Penola and Majella

The town of Penola and Majella Wines were the two key destinations on our itinerary for today as we drove from Mount Gambier to Bordertown where we are staying tonight. Both are in the Coonawarra wine region and close together.

The total distance today was not great so we had decided on a slightly later start but were still ready to go by 9:00 am. Michael drove us around the city for 15 minutes or so and then parked near the sunken garden in the city centre. We moved past it quickly because the morning was overcast and the cool breeze was making 16ºC feel like 7ºC.

We had parked just a block away from the Metro Bakery and Cafe which had been recommended yesterday by the woman at the Robe information centre as a ‘must visit’ in Mount Gambier. Her recommendation was so insistently enthusiastic that those who heard it had decided that we should have coffee there before leaving Mount Gambier. We were not disappointed. The coffee was excellent, as were the various muffins and slices that we tried.
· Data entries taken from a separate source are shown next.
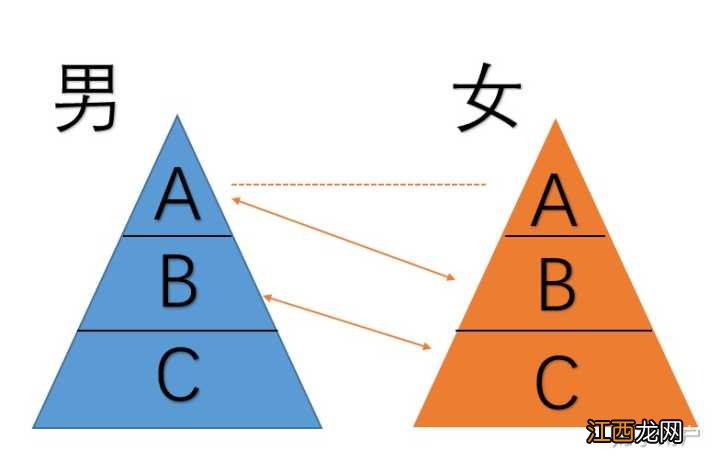 理论网 a理论和b理论，abc认知理论abc分别代表什么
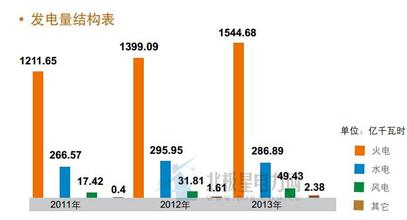  国电电力：多元结构波动小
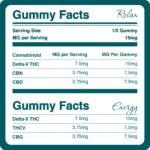 KAYO RR GUMMIES BOTH BREAKDOWN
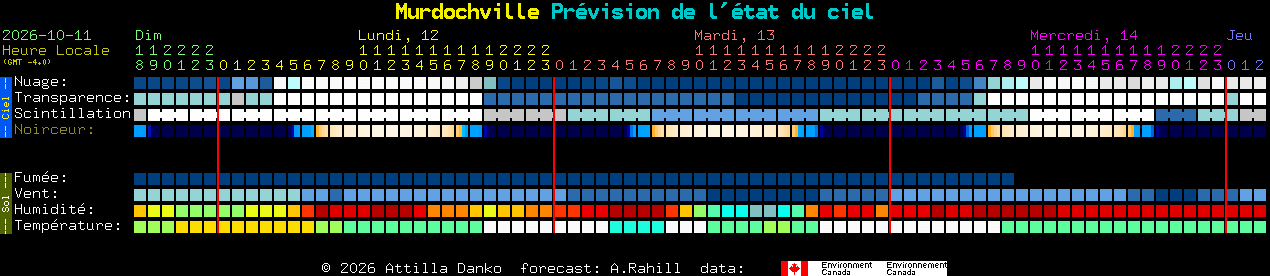 Current forecast for Murdochville Clear Sky Chart
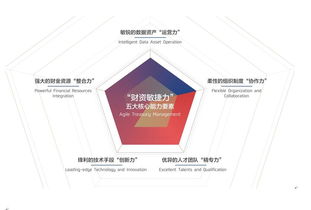 數(shù)字化浪潮下的財資進化論——解讀《2018中國企業(yè)財資管理白皮書》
Caffeinated and fortified we set off north toward Penola. We knew of it from the story of Mary MacKillop as the site where the Sisters of St Joseph originated but we were expecting to learn more details of her story. Majella had found some information about what there might be to see but our plan was to visit the tourist information centre for details of where to go in Penola.

As we drove down the main street in Penola we spotted a sign indicating the information centre was 300 m ahead. Soon after we spotted a parking area and walked from there to the John Riddoch Centre which had information about local attractions, including wineries and Mary MacKillop history.

It also had a local history display and art works collected by an acquisitive competition. Other names highlighted in the exhibition included poets Adam Lindsay Gordon, who served as a police officer at Penola, and John Shaw Neilson, who was born in Penola. The art prize was named for him. Majella and I recalled his name and that we had both learned at least one of his poems but could not recall it until I searched and found To a Blue Flower. By the time we left we had spent considerably more time than we expected and had learned much more about Penola.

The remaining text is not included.